Australia was a founding member of the UNECE in 1958. The full specification is available from UNECE
The specification should be used for technical details, rider compliance information is below
The helmet labelling requirement is :-
An international approval mark of a circle around the number "E" followed by the number of the country which has granted the approval followed by the approval number, a dash and a symbol as set out below
"J" if the helmet does not have a lower face cover
"P" if the helmet has a protective lower face cover, or
"NP" if the helmet has a non protective lower face cover
The symbol is followed by a dash and the production serial number
On helmets the marking is required to be sewn onto the retention system (chin strap).

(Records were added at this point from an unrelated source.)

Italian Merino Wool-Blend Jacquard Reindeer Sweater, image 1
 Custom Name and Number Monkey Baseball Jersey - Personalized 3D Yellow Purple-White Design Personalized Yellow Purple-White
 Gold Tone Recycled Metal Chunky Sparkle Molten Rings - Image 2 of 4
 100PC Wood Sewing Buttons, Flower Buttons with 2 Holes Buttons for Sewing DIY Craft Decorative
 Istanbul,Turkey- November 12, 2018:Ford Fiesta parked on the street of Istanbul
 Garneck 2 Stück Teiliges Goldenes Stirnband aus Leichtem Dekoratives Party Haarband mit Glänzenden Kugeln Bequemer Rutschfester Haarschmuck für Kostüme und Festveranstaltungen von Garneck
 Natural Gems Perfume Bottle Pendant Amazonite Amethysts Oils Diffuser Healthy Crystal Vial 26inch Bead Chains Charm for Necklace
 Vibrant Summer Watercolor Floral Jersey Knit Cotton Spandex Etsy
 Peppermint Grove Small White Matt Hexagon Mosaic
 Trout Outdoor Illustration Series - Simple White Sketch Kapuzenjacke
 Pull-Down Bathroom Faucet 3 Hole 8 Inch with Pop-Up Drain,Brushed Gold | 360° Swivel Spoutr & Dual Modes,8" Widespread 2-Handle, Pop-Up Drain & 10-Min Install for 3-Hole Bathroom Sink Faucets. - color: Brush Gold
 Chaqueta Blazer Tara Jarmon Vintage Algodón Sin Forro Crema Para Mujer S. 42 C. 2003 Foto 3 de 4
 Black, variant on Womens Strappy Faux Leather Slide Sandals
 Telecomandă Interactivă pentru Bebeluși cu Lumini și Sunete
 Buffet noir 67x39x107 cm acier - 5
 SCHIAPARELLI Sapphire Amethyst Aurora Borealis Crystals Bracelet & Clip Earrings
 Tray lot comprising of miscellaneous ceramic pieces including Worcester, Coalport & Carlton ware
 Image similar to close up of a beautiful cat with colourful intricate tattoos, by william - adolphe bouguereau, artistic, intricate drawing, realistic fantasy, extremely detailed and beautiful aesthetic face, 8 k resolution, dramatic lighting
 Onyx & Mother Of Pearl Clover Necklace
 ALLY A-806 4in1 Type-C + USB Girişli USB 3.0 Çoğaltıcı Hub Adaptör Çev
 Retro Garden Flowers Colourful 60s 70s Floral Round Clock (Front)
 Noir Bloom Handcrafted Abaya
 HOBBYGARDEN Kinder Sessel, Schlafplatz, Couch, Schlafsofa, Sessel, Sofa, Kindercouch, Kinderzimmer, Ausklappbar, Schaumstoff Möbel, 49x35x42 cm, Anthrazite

The visor labelling requirement is :-
The international approval mark of a circle around the number "E" followed by the number of the country which has granted the approval, a reference alphanumeric number and on a tinted visor the day time use only symbol (RHS pic)
The labelling must be indelible, clearly legible and not in the main visibility area.
Clear Visors - visible light transmittance of between 80 and 100%
Tinted Visors - visible light transmittance of between 50 and 80%
The UNECE 22.05 specification stipulates initial testing and ongoing quality control of helmets and visors
Initial Batch Testing from a maximum batch size of 3200 is 40 to 50 Helmets and 20 to 30 Visors
Ongoing Quality Control is a batch sample rate of 1 in 125 helmets which moves to a strengthened batch rate of 1 in 66 if out of 22 consecutive tests 2 failures are detected.
The normal sample rate for visors is a batch sample rate of between 1 in 166 and 1 in 640 dependent on batch size, where the first samples fail a second sample is taken. If 2 out of 5 consecutive samples fail it moves to a strengthened batch rate of between 1 in 150 and 1 in 246 dependent on batch size with the same second sample provisions where a failure in the first sample occurs.
Note - In the EU and UK goggles are handled under a separate standard EN1938 and allow VLT 18% to 80%.